Give the records again exactly. Pictures do not belong in the copy.

[Dataset entries — start]

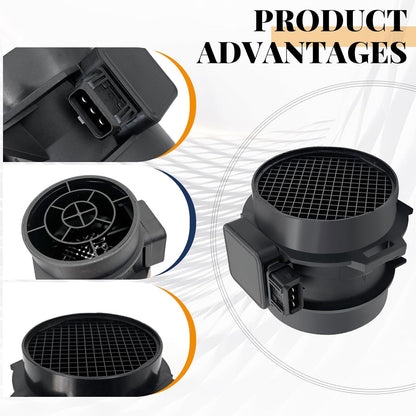 Air Flow Sensor MAF Sensor 28164-37200 [6Cyl 2.5L 2.7L] Compatible with 2001-2005 Hyundai Sonata, 2005-2009 Tucson, 2001-2006 Santa Fe, 2003-2008 Tiburon & 2001-2006 Kia Optima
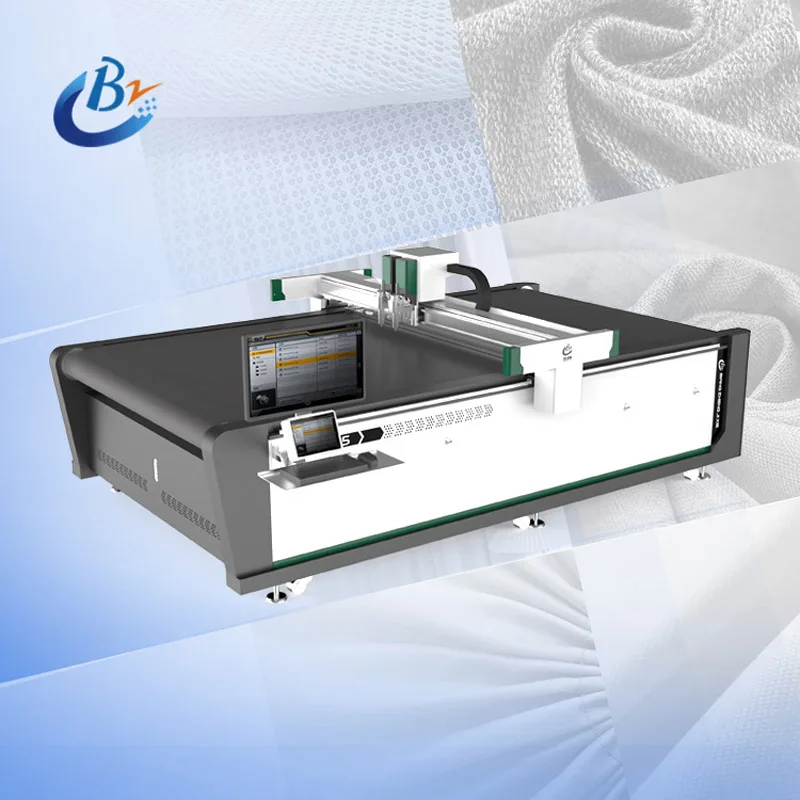 Multilayer CNC Oscillating Knife Cutter Cloth Oxford Fabric  Cutting Machine for Garment Industry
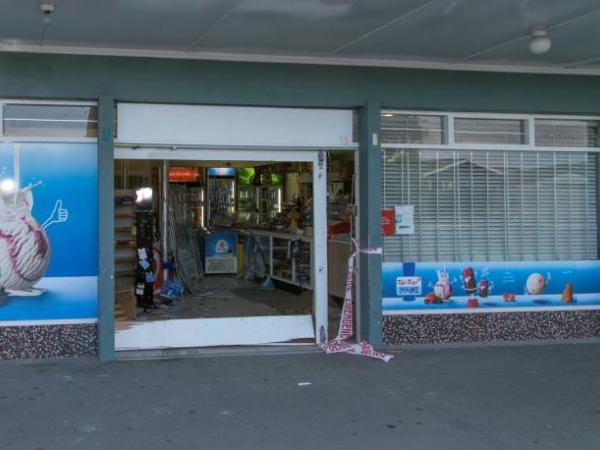 Casebrook Dairy after ram raid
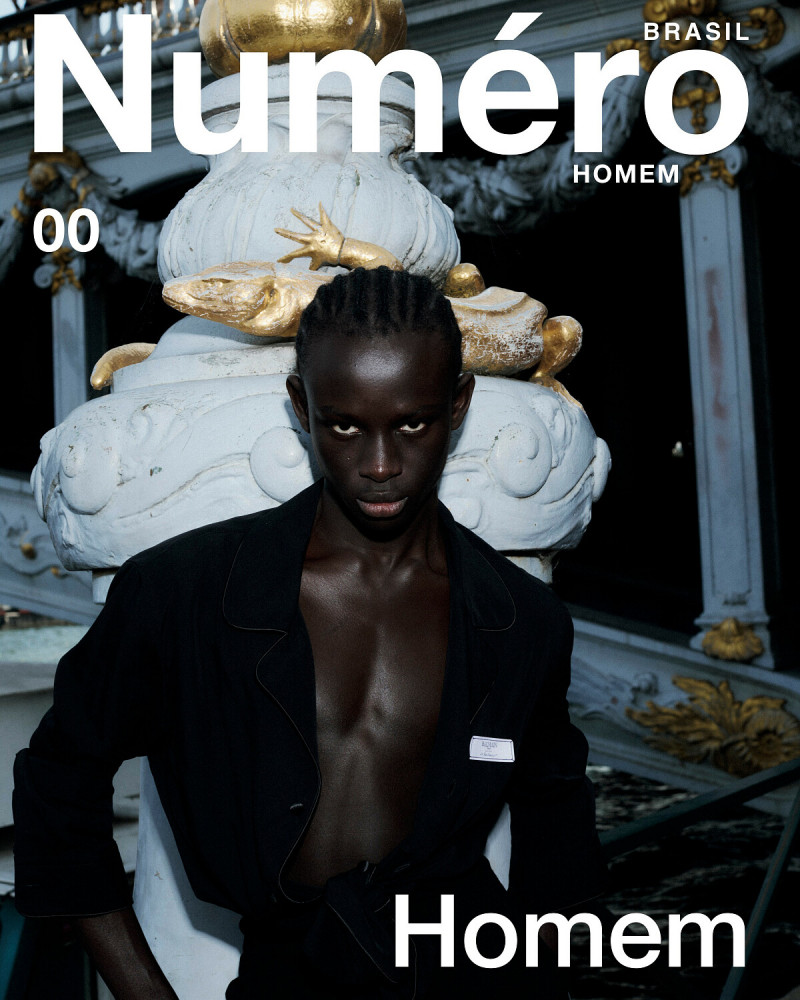 Baye Mor Seye featured on the Numéro Homem Brazil cover from August 2023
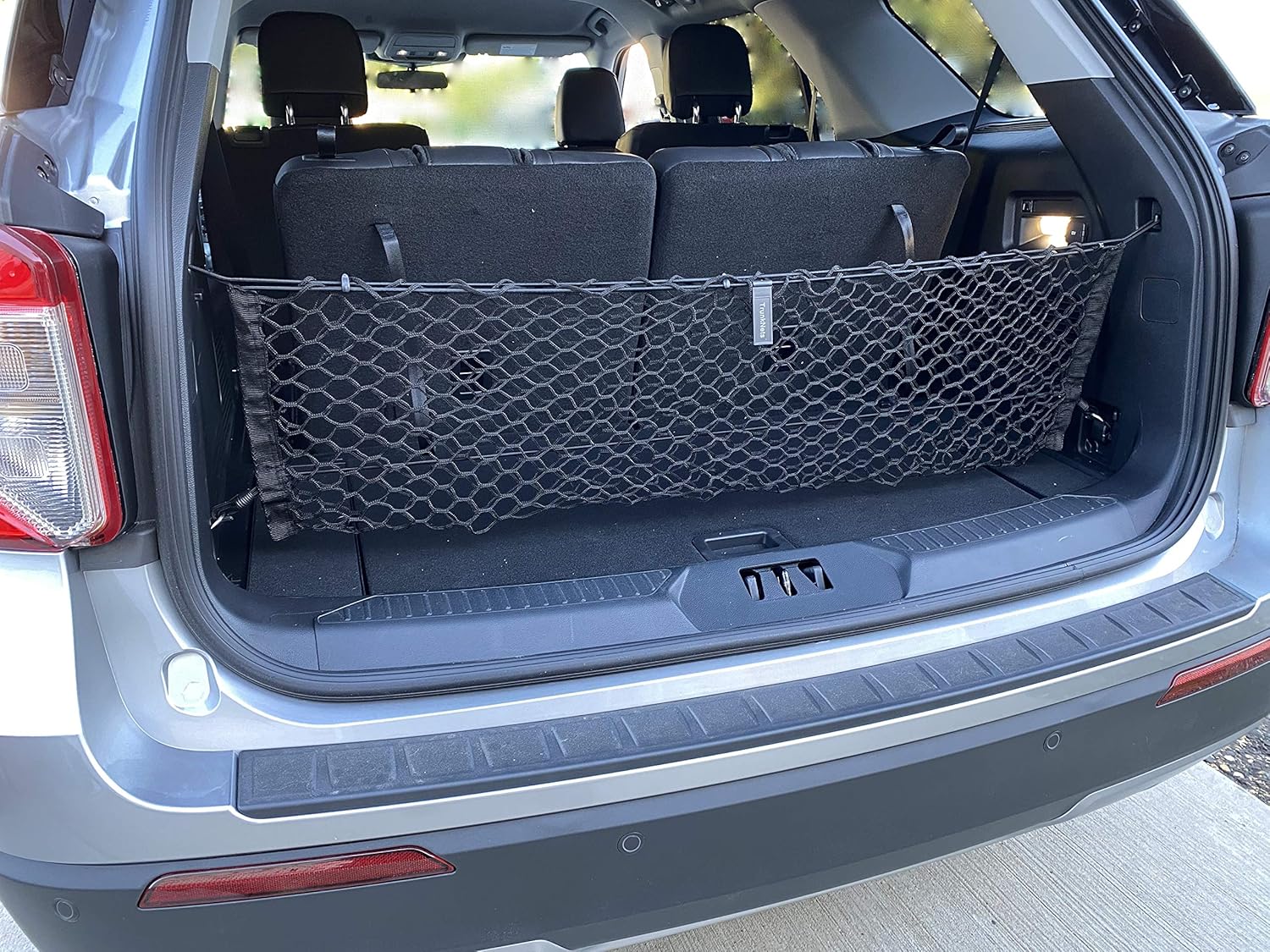Envelope Style Trunk Mesh Cargo Net For Ford Explorer Base ST XLT 2020 - 2022 - Car Accessories - Premium Trunk Organizers and Storage - Cargo Net for SUV - Vehicle Carrier Organizer for Ford Explorer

[Dataset entries — finish]

◆ **Written solution**:
 Air Flow Sensor MAF Sensor 28164-37200 [6Cyl 2.5L 2.7L] Compatible with 2001-2005 Hyundai Sonata, 2005-2009 Tucson, 2001-2006 Santa Fe, 2003-2008 Tiburon & 2001-2006 Kia Optima
 Multilayer CNC Oscillating Knife Cutter Cloth Oxford Fabric  Cutting Machine for Garment Industry
 Casebrook Dairy after ram raid
 Baye Mor Seye featured on the Numéro Homem Brazil cover from August 2023
Envelope Style Trunk Mesh Cargo Net For Ford Explorer Base ST XLT 2020 - 2022 - Car Accessories - Premium Trunk Organizers and Storage - Cargo Net for SUV - Vehicle Carrier Organizer for Ford Explorer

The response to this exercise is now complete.